Their debut album due out mid-May is full of robotic vocals, alert drumming, screaming bass lines, a razor-sharp synth and some hard-hitting truths on songs like Facebook.

According to Tom, a big part of their songwriting process is in “…trying to create a kind of forward momentum, or energy, between songs and trying to make people move in some sort of way.”

The band’s progress through the scene seems to be mirroring this methodology, there’s always something happening, they’re always hitting new markers and moving forward.
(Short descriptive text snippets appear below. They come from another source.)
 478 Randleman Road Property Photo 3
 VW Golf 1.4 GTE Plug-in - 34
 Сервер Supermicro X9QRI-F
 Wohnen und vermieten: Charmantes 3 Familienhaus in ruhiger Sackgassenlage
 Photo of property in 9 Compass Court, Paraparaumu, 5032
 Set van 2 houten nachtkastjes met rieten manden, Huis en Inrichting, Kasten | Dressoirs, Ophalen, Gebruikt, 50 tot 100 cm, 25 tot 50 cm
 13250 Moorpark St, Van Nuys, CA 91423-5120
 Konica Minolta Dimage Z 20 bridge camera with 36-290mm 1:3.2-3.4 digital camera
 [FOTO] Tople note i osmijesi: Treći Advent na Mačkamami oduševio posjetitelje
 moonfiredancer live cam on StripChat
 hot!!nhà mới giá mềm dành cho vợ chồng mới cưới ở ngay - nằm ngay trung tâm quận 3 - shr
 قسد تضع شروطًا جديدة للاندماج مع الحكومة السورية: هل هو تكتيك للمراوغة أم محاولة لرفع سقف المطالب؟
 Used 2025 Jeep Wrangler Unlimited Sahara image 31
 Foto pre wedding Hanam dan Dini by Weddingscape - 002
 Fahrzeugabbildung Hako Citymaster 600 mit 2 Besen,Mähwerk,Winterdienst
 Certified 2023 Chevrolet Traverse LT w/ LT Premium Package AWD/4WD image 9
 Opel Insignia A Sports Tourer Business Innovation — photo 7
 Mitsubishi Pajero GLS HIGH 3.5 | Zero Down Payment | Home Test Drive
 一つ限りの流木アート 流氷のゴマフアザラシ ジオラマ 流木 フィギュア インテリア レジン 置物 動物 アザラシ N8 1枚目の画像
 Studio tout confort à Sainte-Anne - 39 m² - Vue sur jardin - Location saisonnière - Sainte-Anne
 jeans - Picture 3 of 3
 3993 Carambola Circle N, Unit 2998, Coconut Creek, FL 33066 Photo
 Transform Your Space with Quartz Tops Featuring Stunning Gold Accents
The trio’s journey started at Fuzzy Vibes, a DIY venue that used to exist on Auckland’s K’ Rd. This is where they rehearsed, hung out, watched SpongeBob, and also where they put on their first ever gig, unexpectedly cramming the small space full of people.

“It was crazy,” Peter says. “That never happens for a new band playing their first show so we kind of hit the ground running, I think.”

“I don’t think anything’s been expected, I think we’ve just pushed real hard,” Amanda adds.

I relay suggestions others have made that a part of Wax Chattels’ success is that they are the sort of band that Auckland needs, a super tight band of trained jazz musicians experimenting with form and genre, proving to others that you can break from the norm. Peter shuts that idea down quickly.

“Nah. I think bands are forming all the time that are rad. Like, think of The Mint Chicks when they started, you know, they were doing crazy shit. That shit happens all the time. Die! Die! Die!, they were doing crazy shit.”

“Have we done an interview without one of you mentioning Die! Die! Die!?” Amanda cuts in with a laugh.

Alongside Wax Chattels’ sometimes crazy experimentation with form, there is an unusual tightness. This is ripe in their debut album, the shape of the songs move sharply and fluidly, the grooves are heavy and trancelike, but also fresh and interesting, a design that’s always with intention. The band forces you to focus.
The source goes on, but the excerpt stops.